WHAT TO WORK ON
Looking at the data below, state how many lines contain "Volkswagen". No other words are wanted.

RECORDED INFORMATION
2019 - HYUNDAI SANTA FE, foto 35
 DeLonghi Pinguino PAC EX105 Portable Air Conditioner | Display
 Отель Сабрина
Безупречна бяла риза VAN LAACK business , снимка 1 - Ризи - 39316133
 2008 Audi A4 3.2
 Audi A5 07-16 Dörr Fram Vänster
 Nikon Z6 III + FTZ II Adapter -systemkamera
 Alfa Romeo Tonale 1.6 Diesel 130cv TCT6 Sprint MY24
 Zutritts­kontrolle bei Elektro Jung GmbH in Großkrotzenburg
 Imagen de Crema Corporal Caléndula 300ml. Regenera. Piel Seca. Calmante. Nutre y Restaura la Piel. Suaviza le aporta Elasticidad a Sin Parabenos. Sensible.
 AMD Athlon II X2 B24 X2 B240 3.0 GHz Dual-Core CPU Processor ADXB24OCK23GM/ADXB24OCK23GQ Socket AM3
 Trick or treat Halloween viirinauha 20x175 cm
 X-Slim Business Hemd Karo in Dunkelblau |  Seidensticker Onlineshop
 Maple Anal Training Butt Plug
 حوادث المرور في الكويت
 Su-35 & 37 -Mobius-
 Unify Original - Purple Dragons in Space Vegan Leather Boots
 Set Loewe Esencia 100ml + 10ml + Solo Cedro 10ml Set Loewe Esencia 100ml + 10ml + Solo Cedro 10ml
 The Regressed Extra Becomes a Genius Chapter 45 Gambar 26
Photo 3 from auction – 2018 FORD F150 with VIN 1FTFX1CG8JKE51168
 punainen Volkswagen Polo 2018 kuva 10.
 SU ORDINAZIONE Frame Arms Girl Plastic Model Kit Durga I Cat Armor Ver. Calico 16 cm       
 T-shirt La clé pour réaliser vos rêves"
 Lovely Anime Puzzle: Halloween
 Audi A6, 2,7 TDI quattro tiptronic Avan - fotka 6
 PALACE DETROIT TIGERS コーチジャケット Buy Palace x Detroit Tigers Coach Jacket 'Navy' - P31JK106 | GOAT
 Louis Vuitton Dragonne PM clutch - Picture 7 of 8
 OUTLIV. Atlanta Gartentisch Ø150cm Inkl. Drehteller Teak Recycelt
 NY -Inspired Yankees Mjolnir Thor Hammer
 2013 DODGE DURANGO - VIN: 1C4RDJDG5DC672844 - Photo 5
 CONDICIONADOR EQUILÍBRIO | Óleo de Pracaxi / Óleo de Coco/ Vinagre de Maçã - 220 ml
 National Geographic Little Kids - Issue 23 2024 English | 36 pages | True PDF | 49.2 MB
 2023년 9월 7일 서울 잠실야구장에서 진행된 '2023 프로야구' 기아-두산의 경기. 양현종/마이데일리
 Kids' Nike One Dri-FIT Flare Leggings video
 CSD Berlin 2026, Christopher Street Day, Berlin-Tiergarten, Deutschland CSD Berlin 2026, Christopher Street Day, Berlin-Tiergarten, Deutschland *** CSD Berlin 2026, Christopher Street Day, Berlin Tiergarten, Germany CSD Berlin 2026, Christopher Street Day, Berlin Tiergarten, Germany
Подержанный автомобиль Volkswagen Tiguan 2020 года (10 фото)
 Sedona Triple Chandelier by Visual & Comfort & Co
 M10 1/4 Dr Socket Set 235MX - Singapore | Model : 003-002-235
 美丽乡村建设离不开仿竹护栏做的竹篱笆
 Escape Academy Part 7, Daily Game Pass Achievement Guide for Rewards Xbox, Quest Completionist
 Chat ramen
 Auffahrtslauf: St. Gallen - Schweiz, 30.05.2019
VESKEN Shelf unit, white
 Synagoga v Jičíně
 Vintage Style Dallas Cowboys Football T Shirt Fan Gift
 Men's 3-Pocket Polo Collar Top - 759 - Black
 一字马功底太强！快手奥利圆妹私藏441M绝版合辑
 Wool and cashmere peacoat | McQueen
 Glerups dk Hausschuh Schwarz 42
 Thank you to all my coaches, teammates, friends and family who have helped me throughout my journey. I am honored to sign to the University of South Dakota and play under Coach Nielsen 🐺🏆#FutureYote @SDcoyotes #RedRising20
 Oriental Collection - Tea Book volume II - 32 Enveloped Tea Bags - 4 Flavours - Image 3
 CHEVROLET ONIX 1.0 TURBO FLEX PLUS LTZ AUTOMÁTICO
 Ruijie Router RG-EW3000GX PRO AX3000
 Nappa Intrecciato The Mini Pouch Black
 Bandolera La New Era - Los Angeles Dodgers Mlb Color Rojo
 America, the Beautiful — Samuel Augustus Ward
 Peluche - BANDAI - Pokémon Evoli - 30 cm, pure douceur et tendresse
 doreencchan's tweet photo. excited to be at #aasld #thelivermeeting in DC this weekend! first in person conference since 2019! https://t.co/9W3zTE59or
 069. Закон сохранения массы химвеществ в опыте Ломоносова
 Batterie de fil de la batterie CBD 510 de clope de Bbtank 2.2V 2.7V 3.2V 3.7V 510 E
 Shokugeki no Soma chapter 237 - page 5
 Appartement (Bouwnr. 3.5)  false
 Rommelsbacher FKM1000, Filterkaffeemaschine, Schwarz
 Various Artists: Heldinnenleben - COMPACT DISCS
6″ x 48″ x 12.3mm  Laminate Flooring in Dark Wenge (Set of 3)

EXERCISE RESPONSE
2